The heightened regulatory oversight in the United States has caused a change in the distribution of Bitcoin supply across regions. While the US had a majority of Bitcoin’s supply in 2020 and 2021, this has since reversed and has decreased by 11% since mid-2022.
Bitcoin is heading towards meeting the goals of achieving ‘Net Zero’.
Bitcoin futures liquidations reach 3-month high after SEC enforcement
On 5th June, more than $106 million worth of Bitcoin longs were sold off. When there is no buying support from trading volume to counter the liquidation of BTC longs, it has an adverse impact on the price of Bitcoin.

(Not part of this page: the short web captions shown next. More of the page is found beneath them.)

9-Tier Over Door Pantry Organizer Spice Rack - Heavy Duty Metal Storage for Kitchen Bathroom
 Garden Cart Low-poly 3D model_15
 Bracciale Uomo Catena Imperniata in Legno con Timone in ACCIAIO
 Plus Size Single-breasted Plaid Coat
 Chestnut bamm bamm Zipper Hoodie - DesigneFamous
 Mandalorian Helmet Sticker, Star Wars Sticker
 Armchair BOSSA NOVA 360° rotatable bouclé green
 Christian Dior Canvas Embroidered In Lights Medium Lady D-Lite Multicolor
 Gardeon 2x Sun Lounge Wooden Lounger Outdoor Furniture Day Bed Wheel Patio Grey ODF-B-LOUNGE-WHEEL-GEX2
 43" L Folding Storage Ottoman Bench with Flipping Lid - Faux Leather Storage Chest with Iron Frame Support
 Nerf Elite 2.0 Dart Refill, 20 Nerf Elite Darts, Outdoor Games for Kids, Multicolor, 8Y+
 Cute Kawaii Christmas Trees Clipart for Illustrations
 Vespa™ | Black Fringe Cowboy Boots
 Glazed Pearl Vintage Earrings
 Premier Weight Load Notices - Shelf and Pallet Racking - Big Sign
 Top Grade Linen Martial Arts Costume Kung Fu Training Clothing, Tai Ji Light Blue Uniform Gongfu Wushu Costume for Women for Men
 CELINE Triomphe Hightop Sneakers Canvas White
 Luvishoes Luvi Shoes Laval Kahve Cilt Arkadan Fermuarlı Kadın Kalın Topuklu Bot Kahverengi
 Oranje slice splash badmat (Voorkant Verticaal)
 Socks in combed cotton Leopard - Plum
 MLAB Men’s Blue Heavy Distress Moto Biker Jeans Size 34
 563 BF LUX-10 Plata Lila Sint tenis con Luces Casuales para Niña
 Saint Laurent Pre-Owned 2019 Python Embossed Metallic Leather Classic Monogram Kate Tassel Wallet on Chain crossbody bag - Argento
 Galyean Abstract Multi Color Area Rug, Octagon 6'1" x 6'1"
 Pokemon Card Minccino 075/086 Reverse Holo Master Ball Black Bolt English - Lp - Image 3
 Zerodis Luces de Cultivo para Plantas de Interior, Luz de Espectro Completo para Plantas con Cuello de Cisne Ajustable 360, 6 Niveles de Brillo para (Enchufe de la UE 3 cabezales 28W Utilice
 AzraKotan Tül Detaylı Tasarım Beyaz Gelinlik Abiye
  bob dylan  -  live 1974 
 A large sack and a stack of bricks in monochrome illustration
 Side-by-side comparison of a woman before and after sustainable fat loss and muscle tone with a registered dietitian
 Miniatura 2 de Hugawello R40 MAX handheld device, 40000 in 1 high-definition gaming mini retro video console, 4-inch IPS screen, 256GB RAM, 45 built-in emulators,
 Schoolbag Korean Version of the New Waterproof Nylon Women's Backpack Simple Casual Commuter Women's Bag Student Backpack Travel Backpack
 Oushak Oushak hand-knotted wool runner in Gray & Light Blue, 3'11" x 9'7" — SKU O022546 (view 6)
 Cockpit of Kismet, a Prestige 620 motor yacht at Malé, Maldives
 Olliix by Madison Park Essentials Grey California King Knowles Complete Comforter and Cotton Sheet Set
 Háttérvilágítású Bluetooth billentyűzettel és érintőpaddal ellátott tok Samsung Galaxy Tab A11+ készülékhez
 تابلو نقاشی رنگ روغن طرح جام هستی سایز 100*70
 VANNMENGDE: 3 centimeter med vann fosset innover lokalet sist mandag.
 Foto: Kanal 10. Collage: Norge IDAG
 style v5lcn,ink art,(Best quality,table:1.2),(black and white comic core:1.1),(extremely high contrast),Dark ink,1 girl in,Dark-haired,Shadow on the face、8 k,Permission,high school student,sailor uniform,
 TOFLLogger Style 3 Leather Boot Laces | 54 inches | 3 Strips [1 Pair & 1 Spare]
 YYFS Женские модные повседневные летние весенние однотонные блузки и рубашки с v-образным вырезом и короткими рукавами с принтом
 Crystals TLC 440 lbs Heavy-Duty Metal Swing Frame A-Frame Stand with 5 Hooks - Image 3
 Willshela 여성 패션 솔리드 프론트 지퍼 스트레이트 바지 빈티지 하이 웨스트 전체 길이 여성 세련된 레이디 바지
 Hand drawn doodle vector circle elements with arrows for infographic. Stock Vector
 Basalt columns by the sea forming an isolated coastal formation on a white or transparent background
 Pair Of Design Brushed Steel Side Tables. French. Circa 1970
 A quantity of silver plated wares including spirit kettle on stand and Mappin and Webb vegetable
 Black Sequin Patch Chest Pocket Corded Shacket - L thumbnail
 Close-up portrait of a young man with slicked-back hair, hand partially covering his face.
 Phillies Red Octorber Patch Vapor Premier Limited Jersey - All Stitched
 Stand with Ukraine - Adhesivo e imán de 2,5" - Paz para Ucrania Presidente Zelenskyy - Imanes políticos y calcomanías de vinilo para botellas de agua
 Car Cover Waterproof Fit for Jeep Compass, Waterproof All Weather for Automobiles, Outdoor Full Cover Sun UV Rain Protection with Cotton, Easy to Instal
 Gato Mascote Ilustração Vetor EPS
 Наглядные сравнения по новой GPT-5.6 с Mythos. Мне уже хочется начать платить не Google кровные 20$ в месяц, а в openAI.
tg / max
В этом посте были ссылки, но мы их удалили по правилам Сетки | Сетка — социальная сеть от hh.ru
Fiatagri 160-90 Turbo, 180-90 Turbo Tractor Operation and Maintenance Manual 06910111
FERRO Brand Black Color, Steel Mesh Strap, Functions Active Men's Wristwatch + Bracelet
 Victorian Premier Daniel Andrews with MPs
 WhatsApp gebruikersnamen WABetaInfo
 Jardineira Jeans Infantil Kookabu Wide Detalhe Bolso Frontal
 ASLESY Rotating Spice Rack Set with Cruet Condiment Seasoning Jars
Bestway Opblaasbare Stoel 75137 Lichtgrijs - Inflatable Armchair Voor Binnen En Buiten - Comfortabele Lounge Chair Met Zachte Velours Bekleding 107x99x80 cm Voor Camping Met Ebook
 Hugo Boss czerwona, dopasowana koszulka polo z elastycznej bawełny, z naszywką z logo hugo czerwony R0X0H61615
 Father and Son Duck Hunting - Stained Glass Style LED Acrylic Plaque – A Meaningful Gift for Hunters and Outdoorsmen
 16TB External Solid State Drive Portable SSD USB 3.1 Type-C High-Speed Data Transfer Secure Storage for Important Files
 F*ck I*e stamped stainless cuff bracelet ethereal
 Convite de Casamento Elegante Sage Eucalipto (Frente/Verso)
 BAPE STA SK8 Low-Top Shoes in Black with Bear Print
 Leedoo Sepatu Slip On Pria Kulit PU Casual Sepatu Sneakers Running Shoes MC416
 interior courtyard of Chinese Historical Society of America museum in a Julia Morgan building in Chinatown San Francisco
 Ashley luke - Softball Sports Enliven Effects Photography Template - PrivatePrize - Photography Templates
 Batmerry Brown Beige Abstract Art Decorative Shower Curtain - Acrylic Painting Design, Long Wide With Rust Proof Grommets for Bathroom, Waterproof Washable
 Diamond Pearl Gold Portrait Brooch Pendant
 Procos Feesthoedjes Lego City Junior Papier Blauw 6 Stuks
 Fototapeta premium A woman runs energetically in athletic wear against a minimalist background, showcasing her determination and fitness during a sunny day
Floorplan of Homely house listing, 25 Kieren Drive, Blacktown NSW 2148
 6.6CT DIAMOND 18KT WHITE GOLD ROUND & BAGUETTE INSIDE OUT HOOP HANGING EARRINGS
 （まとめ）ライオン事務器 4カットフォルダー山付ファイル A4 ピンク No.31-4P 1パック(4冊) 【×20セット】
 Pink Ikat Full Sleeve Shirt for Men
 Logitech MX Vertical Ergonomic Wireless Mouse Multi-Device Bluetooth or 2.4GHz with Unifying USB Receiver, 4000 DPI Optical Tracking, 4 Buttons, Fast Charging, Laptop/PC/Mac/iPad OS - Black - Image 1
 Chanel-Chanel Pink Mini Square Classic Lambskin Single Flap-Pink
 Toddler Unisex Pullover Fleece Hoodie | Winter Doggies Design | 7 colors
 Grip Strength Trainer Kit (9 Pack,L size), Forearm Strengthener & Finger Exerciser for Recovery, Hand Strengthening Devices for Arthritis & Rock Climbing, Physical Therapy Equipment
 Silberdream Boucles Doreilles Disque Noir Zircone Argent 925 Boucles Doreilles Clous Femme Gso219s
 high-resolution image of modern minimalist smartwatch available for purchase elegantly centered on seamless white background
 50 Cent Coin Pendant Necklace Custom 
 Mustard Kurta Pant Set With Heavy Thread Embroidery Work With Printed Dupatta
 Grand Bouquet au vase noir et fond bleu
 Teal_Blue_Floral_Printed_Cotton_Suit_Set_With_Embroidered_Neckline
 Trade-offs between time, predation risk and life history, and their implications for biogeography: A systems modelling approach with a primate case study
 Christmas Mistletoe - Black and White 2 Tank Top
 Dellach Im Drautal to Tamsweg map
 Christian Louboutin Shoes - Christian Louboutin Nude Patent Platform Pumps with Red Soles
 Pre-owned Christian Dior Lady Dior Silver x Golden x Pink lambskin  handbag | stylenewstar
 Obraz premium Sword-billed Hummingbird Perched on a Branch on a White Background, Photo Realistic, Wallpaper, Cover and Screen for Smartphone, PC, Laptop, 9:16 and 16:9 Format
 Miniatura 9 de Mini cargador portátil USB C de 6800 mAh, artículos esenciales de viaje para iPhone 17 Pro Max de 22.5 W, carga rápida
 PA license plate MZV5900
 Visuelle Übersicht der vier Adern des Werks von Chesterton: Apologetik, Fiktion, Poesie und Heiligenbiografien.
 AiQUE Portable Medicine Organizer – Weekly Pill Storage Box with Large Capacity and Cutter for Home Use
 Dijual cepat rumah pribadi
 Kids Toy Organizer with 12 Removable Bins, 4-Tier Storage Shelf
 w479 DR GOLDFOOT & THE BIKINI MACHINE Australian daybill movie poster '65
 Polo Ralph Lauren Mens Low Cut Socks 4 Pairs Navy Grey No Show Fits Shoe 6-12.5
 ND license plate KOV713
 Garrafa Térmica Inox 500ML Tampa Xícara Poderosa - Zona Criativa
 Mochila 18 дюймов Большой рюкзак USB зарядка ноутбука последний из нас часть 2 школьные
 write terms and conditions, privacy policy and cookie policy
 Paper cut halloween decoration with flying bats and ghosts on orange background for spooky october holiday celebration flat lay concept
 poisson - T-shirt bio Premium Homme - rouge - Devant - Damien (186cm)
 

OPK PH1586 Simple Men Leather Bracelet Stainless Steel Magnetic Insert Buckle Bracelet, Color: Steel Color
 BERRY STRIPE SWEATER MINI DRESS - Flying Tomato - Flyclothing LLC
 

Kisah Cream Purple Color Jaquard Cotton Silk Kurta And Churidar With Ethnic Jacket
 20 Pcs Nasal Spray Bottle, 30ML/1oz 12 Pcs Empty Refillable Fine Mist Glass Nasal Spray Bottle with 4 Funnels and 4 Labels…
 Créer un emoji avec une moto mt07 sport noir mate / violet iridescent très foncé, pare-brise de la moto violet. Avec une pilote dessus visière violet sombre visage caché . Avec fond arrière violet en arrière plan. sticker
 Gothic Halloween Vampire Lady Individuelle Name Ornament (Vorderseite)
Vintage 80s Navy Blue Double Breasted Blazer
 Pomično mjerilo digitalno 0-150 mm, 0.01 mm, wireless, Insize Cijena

The surge in liquidations and lack of new trading has caused the Fear and Greed Index, a measure of investor sentiment, to return to “fear” levels. With heavy long liquidations, the influx of exchange netflow could indicate that more Bitcoin selling pressure is imminent.
Can Bitcoin price reverse course?
Despite the present-day uncertainties in the crypto market, it appears to have not altered institutional investors’ long-term perspective. Recently, Cboe Digital, a major options exchange in the U.S., had its application to provide margined futures contracts for Bitcoin sanctioned by the U.S. commodities regulator, even in the face of an unfriendly regulatory climate. This Cboe Digital authorization will assist in raising Bitcoin awareness among institutional investors.
An analyst has predicted that the Bitcoin price will experience another challenge to its 200-week trend line.
The cost of Bitcoin remains heavily influenced by macroeconomic occurrences, and it is probable that further regulatory measures will continue to have an influence on the price of BTC.
In the long run, market players still anticipate that the worth of Bitcoin will bounce back, particularly as more monetary organizations appear to be accepting BTC.